Bernie Sanders's New Look: Gun Control Lefty

The transition is complete: On Sunday, Sanders officially moved closer to the progressive left on guns and away from his more centrist past. Another step in a journey that began when he launched his presidential campaign.

BOULDER, Colorado — The newest issue of the moment suddenly baked into Bernie Sanders's stump speech is gun control, and the latest attempt by Sanders to reject critics who say he runs to the right of his fellow Democratic presidential candidates on an issue that increasingly unites the party.

Often underplayed in coverage of Sanders is how spry his campaign is when it comes to hot-button issues that threaten to knock the Vermont independent senator off his economic message. When activists supporting the Black Lives Matter movement disrupted his early campaign events, Sanders tacked on his history as an activist and progressive mayor to his stump speech, finding a way to embrace the movement through his past and inserting it into his stump speech. When Sanders’ opposition to the 2007 immigration reform bill started drowning out his economic pitch to Latino voters, he started talking up his support for the 2013 immigration bill and its path to citizenship.

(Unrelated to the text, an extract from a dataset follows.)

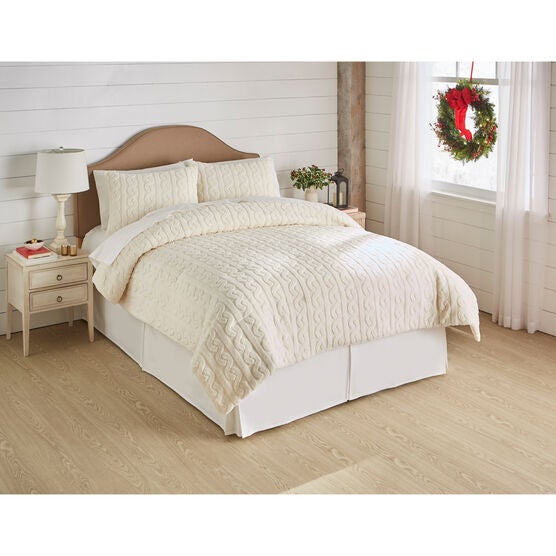 JACQUARD SHERPA COMFORTER, IVORY, hi-res image number null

The stump speech itself remains remarkably consistent. No matter the audience, the majority of the address is about billionaires overpowering the middle class and an economic structure that, he says, treats the majority of the country unfairly and stifles social mobility. But the non-economic section speaks to what’s on Sanders’ mind, and what’s worrying his strategists.

The weekend before his first televised debate with the major candidates in the Democratic field, the Sanders stump was about guns.

“Gun violence in our country, everybody here knows, is a very serious issue and one that, tragically, Colorado is all too familiar with,” Sanders told an estimated 10,000 people standing in the sun on University of Colorado sports field. “Now I am not going to stand before you today and tell you that there are easy answers, either from a public policy point of view or from a political point of view. Because if I told you that, I would not be telling you the truth.”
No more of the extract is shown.